Commanders say they could use the forecast to deploy resources and take other precautions before a crime wave actually hits.
“There is nothing really serious like this that has been done before with any consistency, and certainly nothing on the scale as large at this department,” said LAPD Assistant Chief George Gascon, who is spearheading the project. “To that extent, we’re excited to be on the frontier of a new way of police work.”
Gascon said such a system may sound ambitious but the project is realistic and could be online within a few years.
The LAPD has already adopted the Compstat program that Chief William Bratton developed when he headed the New York Police Department. Gascon said Compstat could be used as the basis for the new program.
“There is no reason computer forecasting can’t work,” he said. “It’s really nothing more than an analysis of probabilities.”
But one of the nation’s leading experts in the emerging field of geographic crime forecasting said that, despite several attempts, no one has been able to develop a program with the accuracy that the LAPD is hoping for.
“It’s going to be a really blunt tool,” said Wilpen Gorr, a management systems researcher at Carnegie Mellon University in Pittsburgh. “I don’t think it’ll ever get really sharp.”
Gorr recently led two studies funded by $400,000 in federal grants to develop crime-forecasting models for 10-square-block areas of Pittsburgh and Rochester, N.Y. Researchers collected criminal reports, history, trends and 911 calls and studied seasonal variations to form the basis of their data pool.
But when Gorr compared the predictions with real crime numbers, the forecasts were often too far off to be useful.
“I had some expectations you could do these 10-block areas,” he said, “I thought they were ideal. It was really disappointing when we ran our complete data and it didn’t hold up.”
The forecasts were more accurate if plotted on a 20-by-20 block area. But such an area would likely be too large for law enforcement to crack down effectively on any potential hot spots.
Gorr said it’s more difficult to forecast for smaller areas because they have fewer criminal incidents, so the computer has fewer data points to analyze.
The LAPD’s Gascon remains optimistic about crime forecasting, however, saying the department will devise its own methods that could prove more accurate than Carnegie Mellon’s. But even if it doesn’t, it’s worth the risk, he said.

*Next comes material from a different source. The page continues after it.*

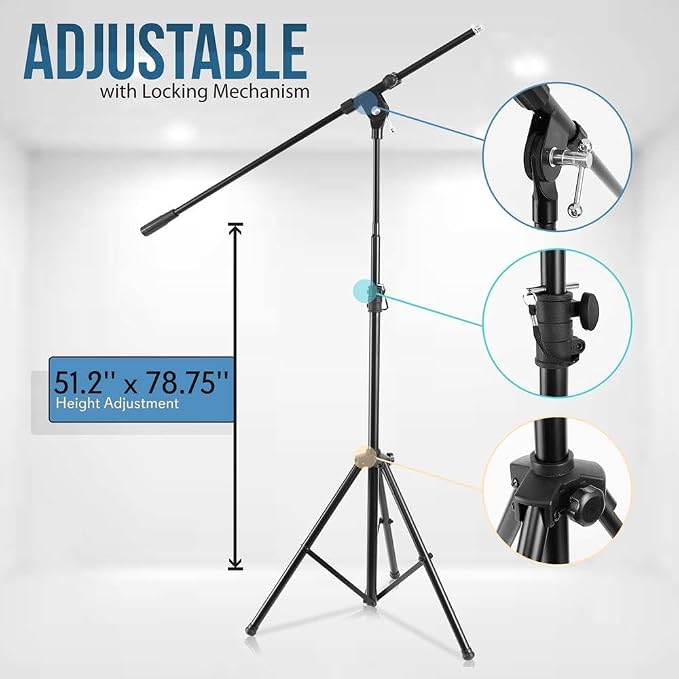 Pyle Heavy Duty Microphone Stand-Height Adjustable from 51.2'' to 78.75'' Inch High w/Extendable Telescoping Boom Arm 29.5'' and Stable Tripod Base-Clutch in T-Bar Adjustment Point PMKS56 - Image 2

“We recognize this is experimental work for us, and when you’re trying new things there’s the possibility it won’t work as anticipated,” he said. “I think we have to try it for the Los Angeles experience.”
Gascon also wants the computer program to be able to analyze the backgrounds of suspects to see if their backgrounds and criminal records are similar to those who have gone on to commit violent crimes. The computer would flag that individual and Gascon would like social workers to try to intervene.
Ramona Ripston, executive director of the American Civil Liberties Union of Southern California, said the department needs to be careful to keep the data confidential and remain realistic about the limitations of criminal profiling.
“We all know from the past that profiling can be inaccurate,” Ripston said. “Something like this has to be watched ... and we will be following this.”